Untuk mengakui suatu Negara baru pada umumnya Negara-negara memakai kreteria,antara lain sebagai berikut:
• .Keyakinan adanya stabilitas di Negara tersebut
• .Dukungan umum dari penduduk,dan
• .Kesanggupan dan kemaun untuk melaksanakan kewajiban –kewajiban internasional.
BENTUK-BENTUK PENGAKUAN
1. PENGAKUAN SECARA TERANG-TERANGAN DAN INDIVIDUAL
Pengakuan seperti ini berasal dari pemerintah atau organ yang berwenang di bidang hubungan luar negeri.Cara yang paling sering dilakukan ialah:
a.Nota Diplomatik,suatub pernyataan atau Telegram
Pengakuan individual ini mempunyai arti diplomatic tersendiri bila diberikan oleh suatu Negara kepada Negara bekas jajahannya atau kepada Negara yang sebelumnya bagian dari Negara yang memberikan pengakuan.
b.Suatu Perjanjian Internasional:
• .Pengakuan Prancis terhadap Laos tanggal 19 juli 1949 dan Kamboja 18 november 1949.

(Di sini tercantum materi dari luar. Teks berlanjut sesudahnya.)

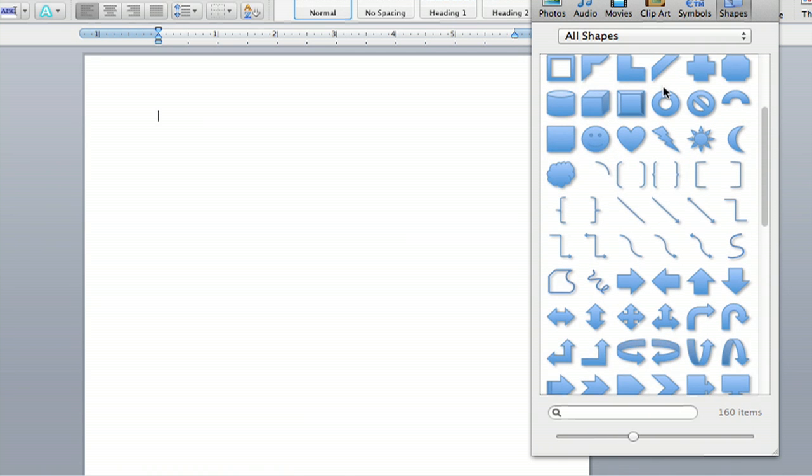And for today's purpose, we're going to click the line, and the vertical line goes straight down, of course.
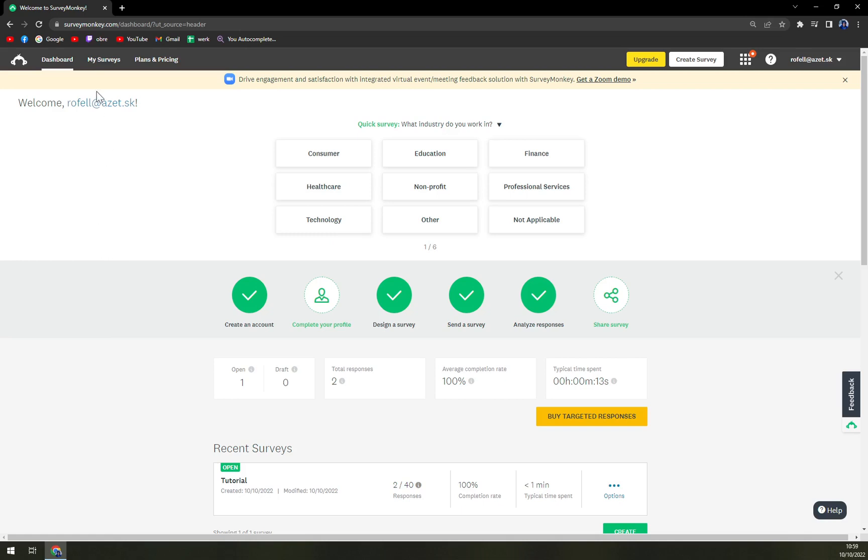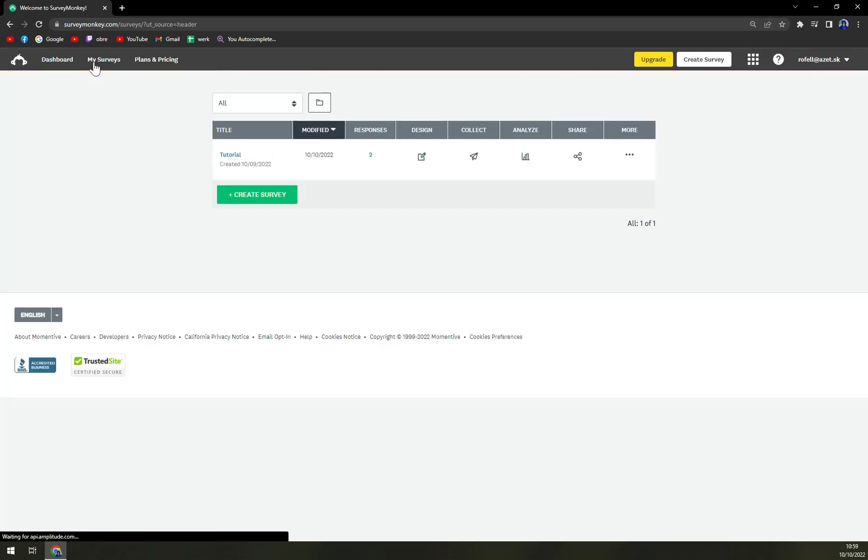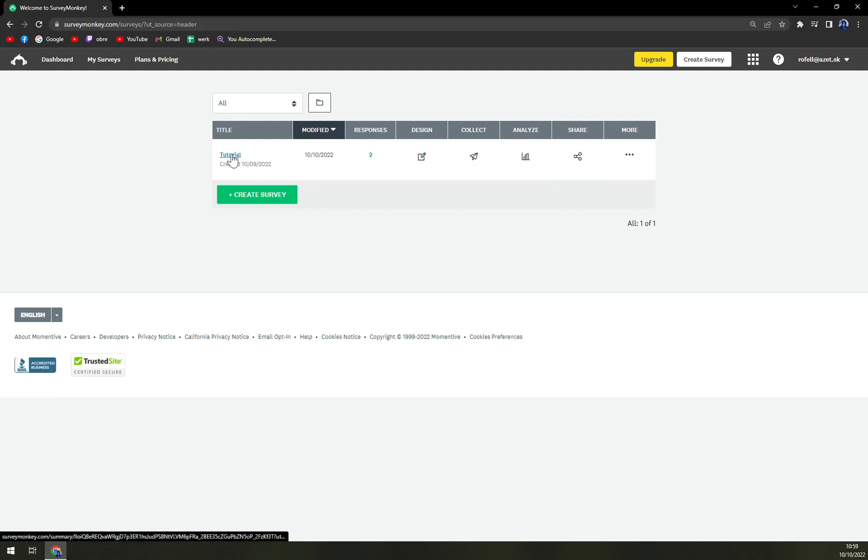So first let's go to my surveys and let's pick the survey that you really want to download the information from. Once you find the survey that you really want to pay attention to, in my case there's only one that I created just for the sake of the videos I'm recording for SurveyMonkey.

• Pengakuan Jepang terhadap Korea tanggal 8 september 1951 melalui pasal 12 Peace Treaty.
• Pengakuan timbal balik italia –vantikan melalui pasal 26 Treaty Of Latran 14 pebruari 1929.
2. PENGAKUAN SECARA DIAM-DIAM
Pengakuan implicit ini terjadi bila suatu Negara mengadakan hubungan dengan pemerintah atau Negara baru dengan mengirimkan seorang wakil diplomatic,mengadakan pembicaraan dengan pejabat-pejabat resmi ataupun kepala Negara setempat,membuat persetujuan dengan Negara tersebut .
1. PENGAKUAN SECARA KOLEKTIK
Pengakuan secara kolektik ini diwujudkan dalam suatu perjanjian internasonal atau konferensi multilateral.
2. PENGAKUAN SECARA PREMATUR
Dalam pengakuan internasional terdapat pula contoh-contoh dimana suatu Negara memberikan pengakuan kepada Negara yang baru tampa lengkapnya unsur-unsur konstitutif yang harus dimiliki oleh entitas yang baru tersebut untuk menjadi suatu Negara.
Kasus pengakuan prematur ini sering terjadi pada Negara yang memisahkan diri dari Negara induk.
Dapatlah dikatakan bahwa pengakuan yang mendahului kelengkapan unsur-unsur konstitutif ini merupakan suatu kecenderungan yang memberikan dorongan kepada entitas yang baru untuk menjadi Negara merdeka.
PENGAKUAN PEMERINTAH
Pengakuan pemerintah ialah suatu pernyataan dari suatu Negara tersebut telah siap dan bersedia berhubungan dengan pemerintahan yang baru diakui sebagai organ yang bertindak untuk dan atas nama Negaranya.
Terhadap suatu Negara juga berakti pengakuan terhadap pemerintah Negara tersebut karena tidak mungkin mengakui suatu entitas baru tampa mengakui lembaga operasionalnya yaitu pemerintah.